I spent many years on the side of a mountain in Alaska at the end of a dirt road. Having always lived in towns and cities, my family decided to make the most of our new home. My father taught us which berries were edible and how to hunt and fish. My mother taught us how to garden. Every fall she would have me and my sisters pick the ripe raspberries from the garden and the wild berries on the mountain so she could make jams, jellies and juices.

My first real job was on a vegetable farm. Aside from the camaraderie, the greatest benefit of working on that farm was all the free produce. After we were done with work for the day our boss would let us go into the fields and pick as much broccoli, cabbage, lettuce, beets, swiss-chard, potatoes and carrots as we could carry. My mother would then blanch, freeze, or can everything we brought home. In other words, my mother encouraged me and my sisters to work with the land to fill the pantry and freezers.
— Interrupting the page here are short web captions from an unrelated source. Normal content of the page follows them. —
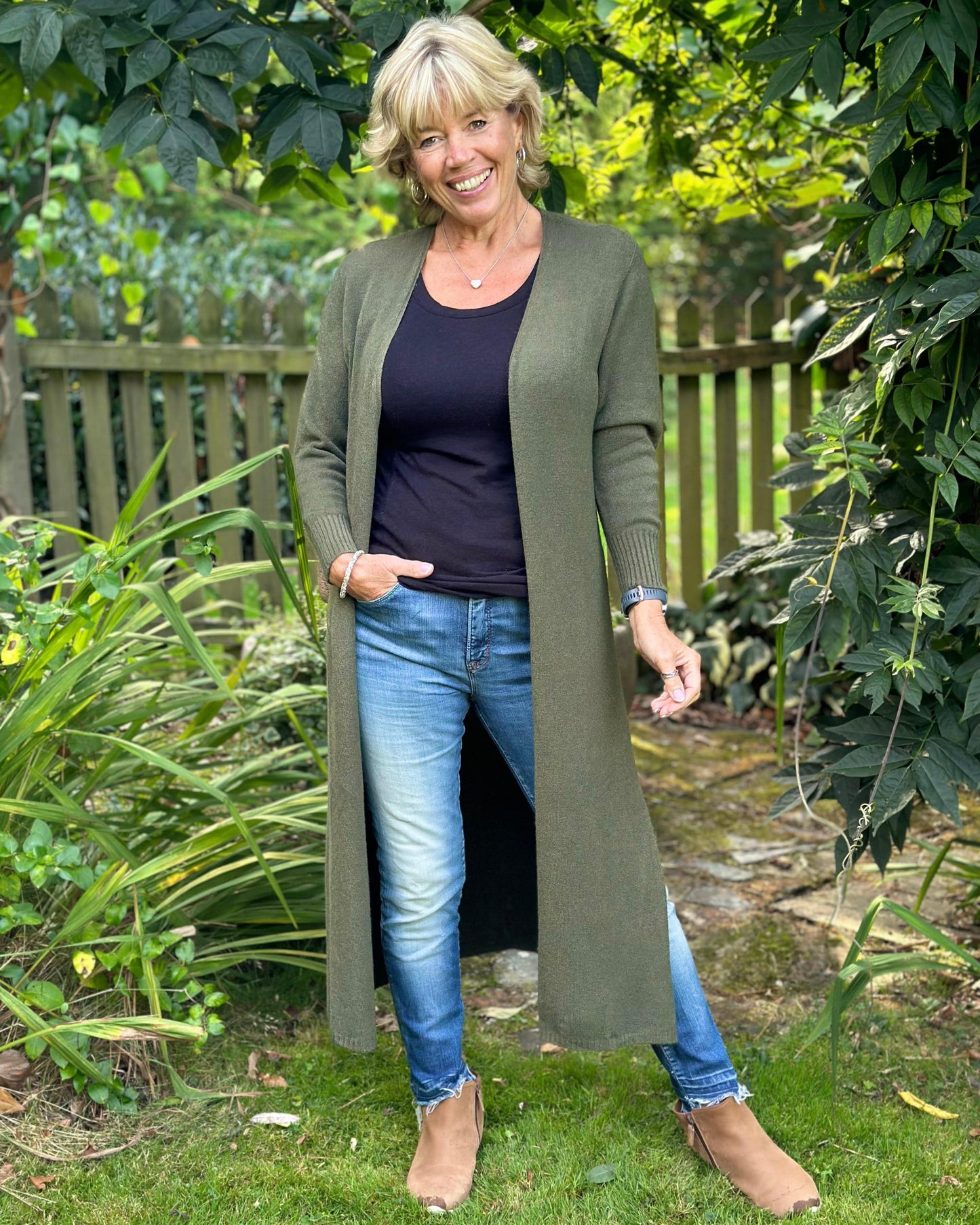 clothing Fine Knit Long Cardigan - Khaki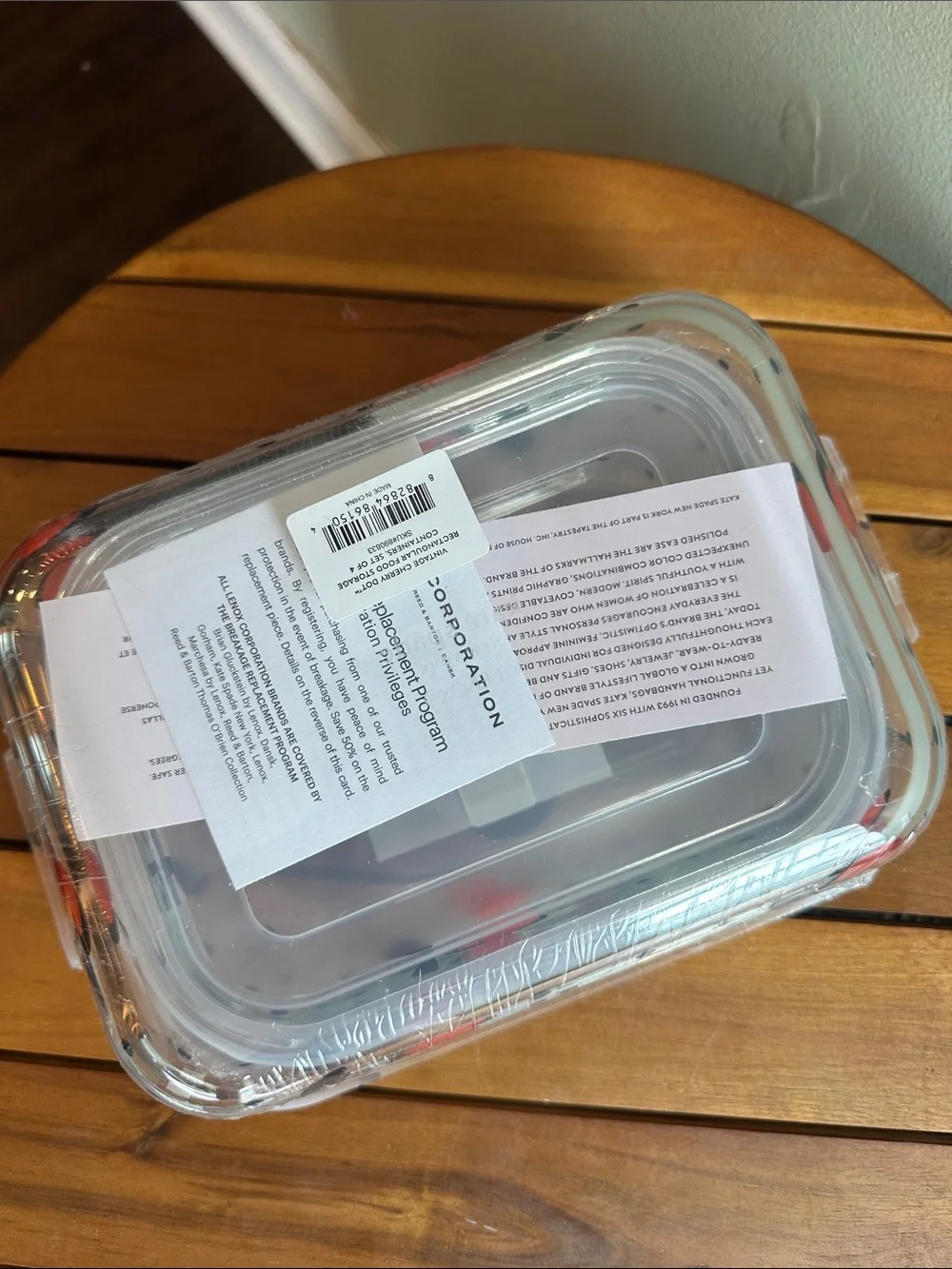 Nwt Kate spade vintage cherry dot rectangular food storage containers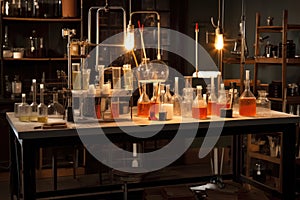 replication of a science lab with scientific equipment, test tubes, and beakers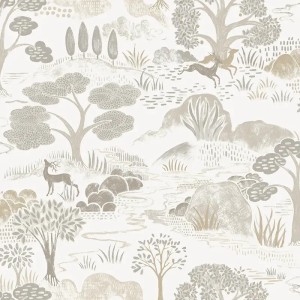 Casadeco|Beige muslin wallpaper with textile effect|Beige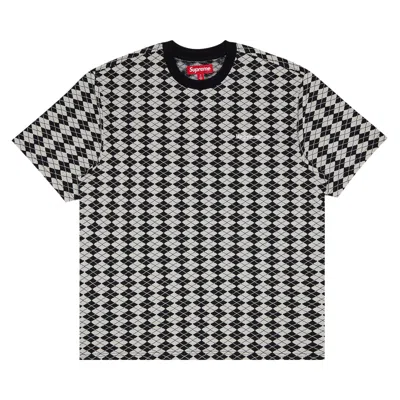 Pre-owned Supreme Diamond Jacquard Short-sleeve Top 'black' | Men's Size M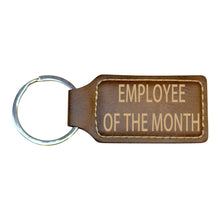Load image into Gallery viewer, Keychain - Rectangle - Employee of the month - Leather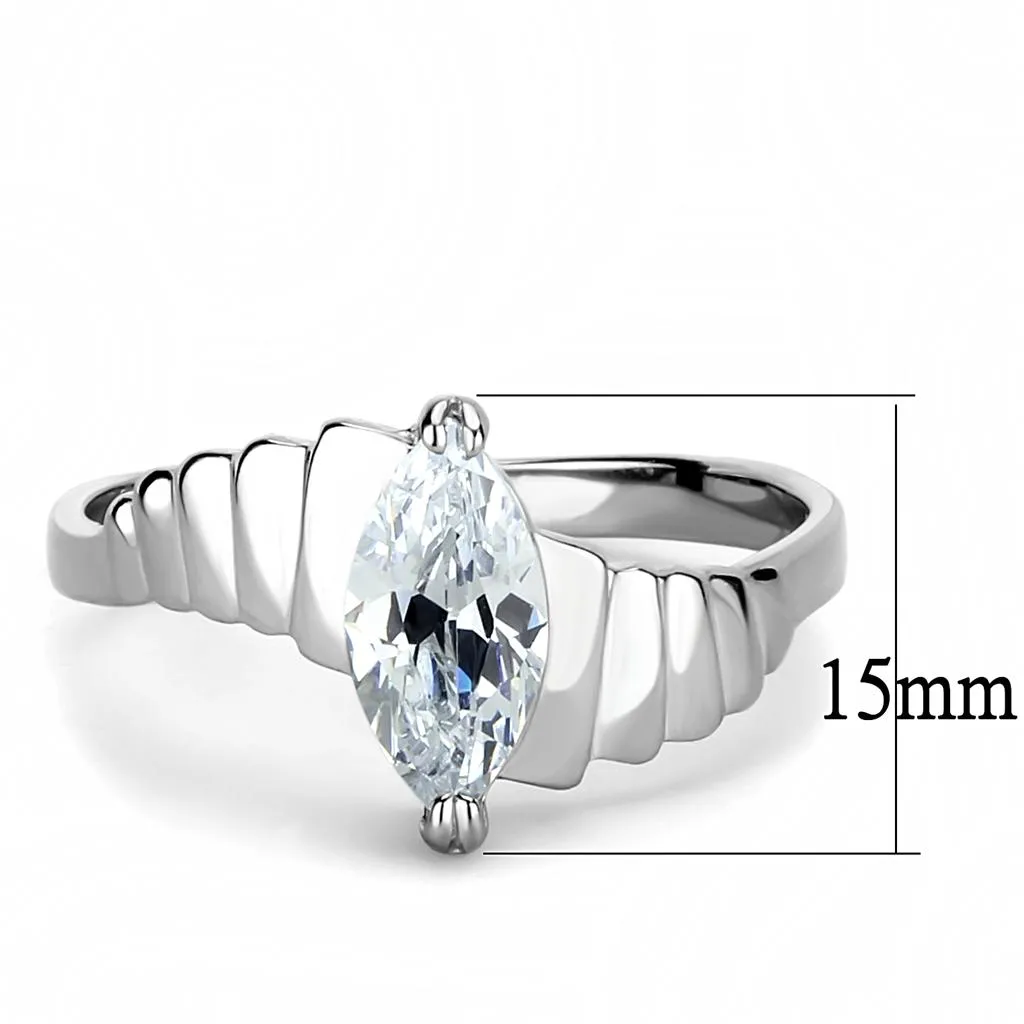 High polished (no plating) Stainless Steel Ring with AAA Grade CZ in Clear for Women Style TK3429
My father took us hunting and each year we eagerly awaited moose season. After a moose (or bear) was shot we harvested all of the meat. None of it went to waste. We would pack it out and spend two days processing all of it for the freezer and pantry shelves. Fishing was the same.

By the time I was 14 I knew how to ethically hunt, efficiently harvest large game, filet and process salmon, smoke meat, identify and harvest wild berries, search for other wild edibles (fiddle heads, rose hips, fireweed blossoms, etc.), and assist with the canning.

Why is all this important?

My husband and I want to become as self-sufficient as possible. While this may seem like a large goal, in reality, the steps to getting there are quite simple. Why should one shop at Meijer for produce when Morlock’s farm stand is open? Why buy milk from the store when your friends have a cow or goats? Why buy meat from Walmart when the local butcher shop buys from the farmers in the county and does everything in house? Spend the spring planting a garden and tend to it all summer to relish in its’ bounty in the fall. It is a lot easier to do a one-stop-shop at Walmart for meat, milk, eggs, produce, etc. but it is much more rewarding to not.

Some of this may not seem like it’s self-sufficient because you’re not doing everything yourself. However, that’s where the aforementioned highlights of the olden days come into play. When staying within your local community you will build relationships with the butcher, become friends with the old lady whose goat milk you buy, and look forward to the weekly visits from people who buy your chickens’ eggs. You are building community with the people surrounding you. Real relationships. By planting a garden you’re connecting with the earth in a very real way. By asking the old lady at church to teach you how to can jellies you are spreading joy of passing on valuable and hard-earned knowledge. And all of these things can be done with your children and passed on to them. Harvest season will become a family affair. Hunting season will be the highlight of the year when your oldest son gets his first deer and his siblings help him dress it and bring it home where we all take part in putting it up.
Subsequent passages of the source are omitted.